Hautes-Alpes le - - Territoires

La création d'unités de méthanisation et d'hydrogène à l'étude à Gap
M.-F. Sarrazin - La création d'une unité de méthanisation est envisagée dans la zone du Moulin du Pré.

Pour en finir avec les énergies fossiles et alimenter la flotte de véhicules municipaux de manière plus verte, la Ville de Gap envisage d'avoir recours au biogaz et à l'hydrogène. Avant cela, elle s'engage à devenir autosuffisante en matière d'éclairage public.

A Gap, dans la zone du Moulin du Pré, est envisagée la création d'une unité de méthanisation qui servirait à alimenter les bus urbains en biogaz.
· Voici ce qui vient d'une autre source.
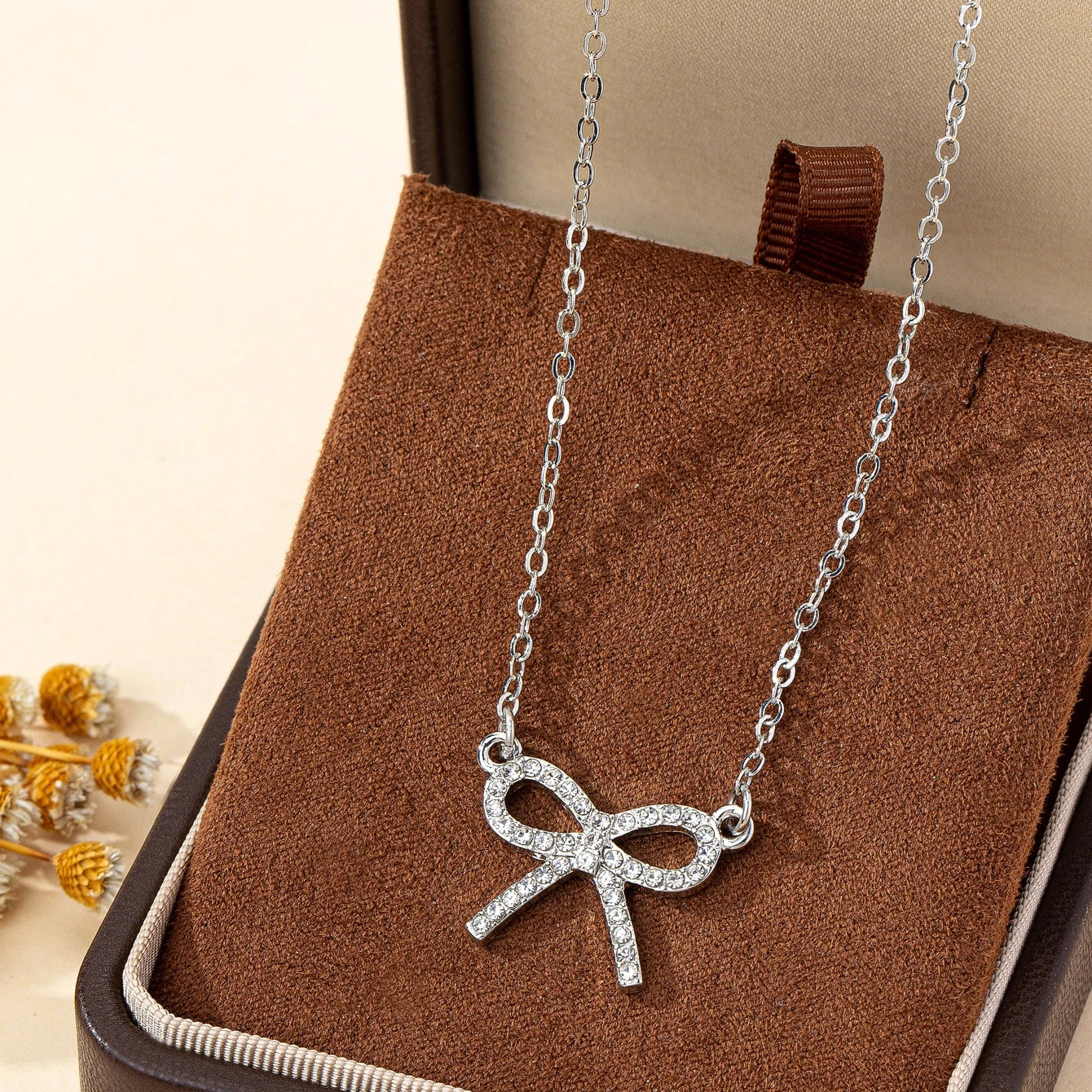 A Women's Necklace, Simple and Sweet Bow Pendant Necklace, Suitable for Daily Wear and Banquet Wear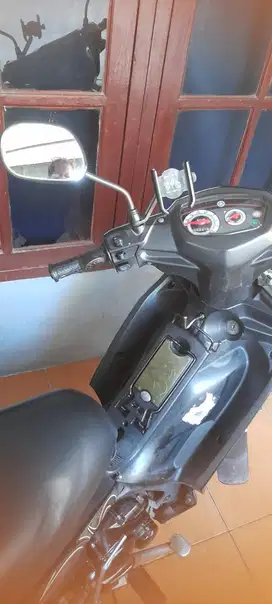 Yamaha vega zr tahun 2010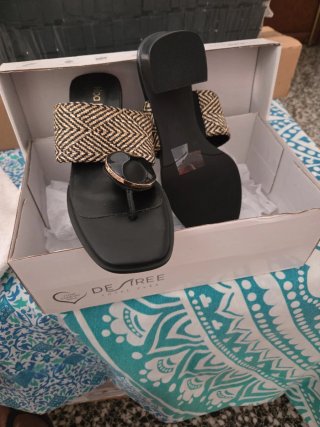 Sandalias de Noa Harmon Beige y Negras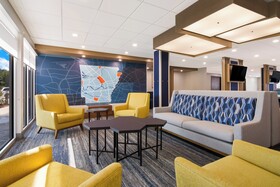 Holiday Inn Express & Suites Springdale Fayetteville Area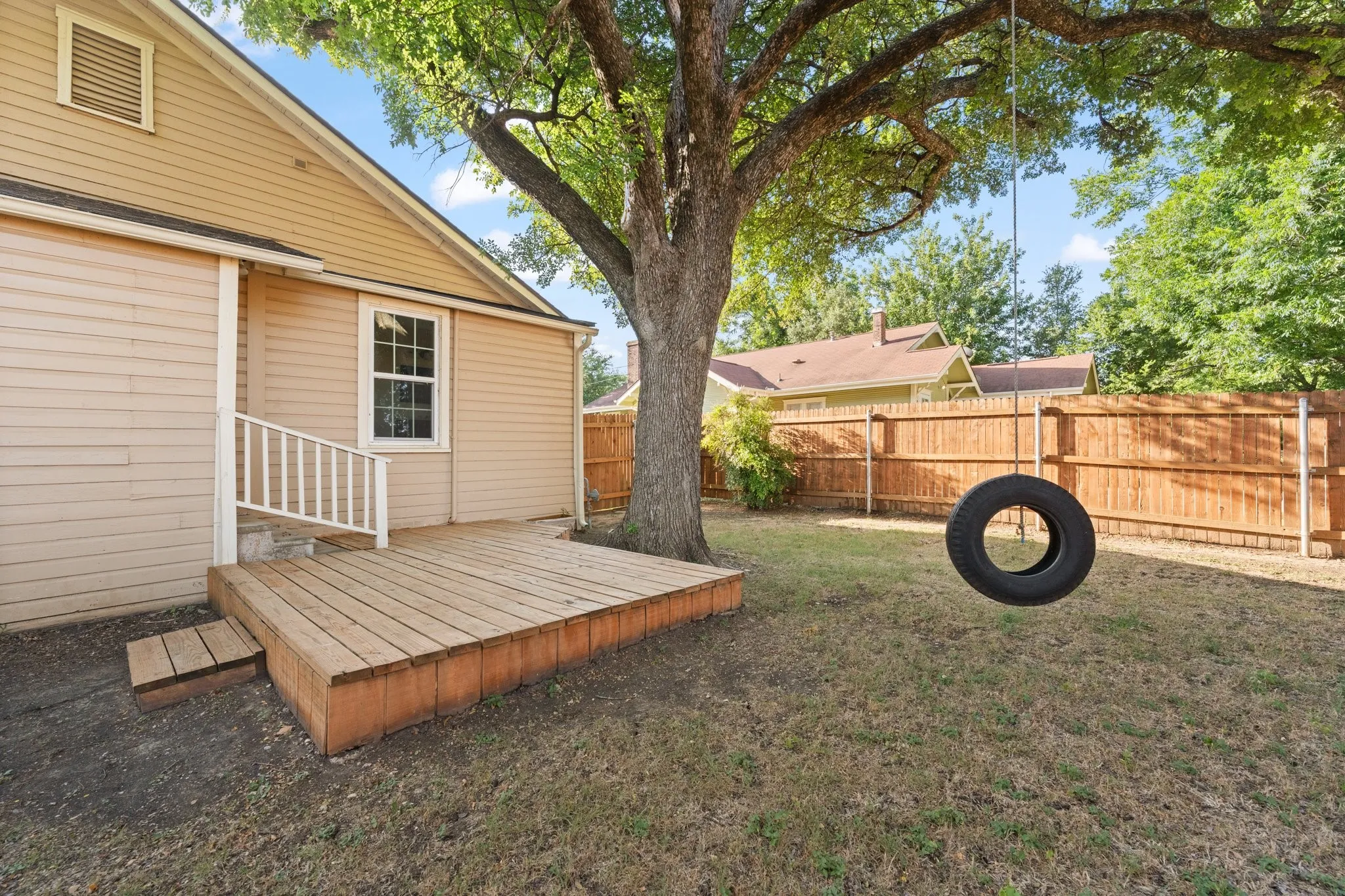 Single Family Residence For Sale in Johnson County , 102 S 4th Street, Grandview, Texas 76050, 2 Bedroom, 2 Bathroom, 1 Garage spaces, 1,424 Sqft, built in 1950, mls#21311441, Real Estate Agent in Grandview, Homes For Sale in Johnson county, Homes For Sale in Grandview, Realtor in Grandview Texas, Real Estate Brokerage Independent Realty Texas, Luminita Cordes Realtor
A vrai dire, il s'agit de construire deux méthaniseurs. « Nous avons l'obligation de traiter différemment les résidus de la station d'épuration de ceux des autres activités. Le premier produira du gaz à partir des déchets de la station d'épuration, le second à partir des déchets en provenance de la cuisine centrale, des cantines, de l'abattoir et des restaurants », explique le maire de Gap, Roger Didier. Le choix de s'implanter dans la zone du Moulin du Pré tombait sous le sens dans la mesure où s'y trouvent tout un pôle agroalimentaire, l'abattoir, la station d'épuration et une importante canalisation de gaz sur laquelle se raccorder. Le projet, bien avancé, devrait aboutir à l'été 2024. Après une première étude, la municipalité s'apprête à en lancer une de faisabilité.

La Ville mise également sur l'installation d'une unité de production d'hydrogène pour alimenter la flotte de véhicules municipaux. « Nous avons déjà commencé à travailler avec une société privée de Manosque où l'hydrogène peut être stocké dans les caves souterraines salines. Nous allons également contacter la Ville de Pau qui possède déjà des bus à hydrogène », annonce le maire.

Une autosuffisance en matière d'éclairage public

Le recours aux énergies renouvelables s'appliquera également à d'autres domaines. « Nous avons pris l'engagement, dans les trois premières années du mandat, d'être en autosuffisance en matière d'éclairage public. Chaque fois que nous le pourrons, nous installerons des panneaux photovoltaïques sur les toits de nos bâtiments. L'énergie produite sera immédiatement utilisée pour l'éclairage public. Mais on ne peut pas se baser sur ce seul procédé. Nous allons continuer à équiper nos 7 500 têtes de candélabres Led pour réduire notre consommation. Déjà 2 000 ont été changées pour une économie de 60 000 € par an », indique le maire.

Si l'installation de panneaux photovoltaïques ne suffit pas, il songe à transformer l'ancienne décharge du quai de transfert de déchets de Saint-Jean en mini-ferme photovoltaïque, à l'image de l'opération privée menée sur l'ancienne décharge de La Garde.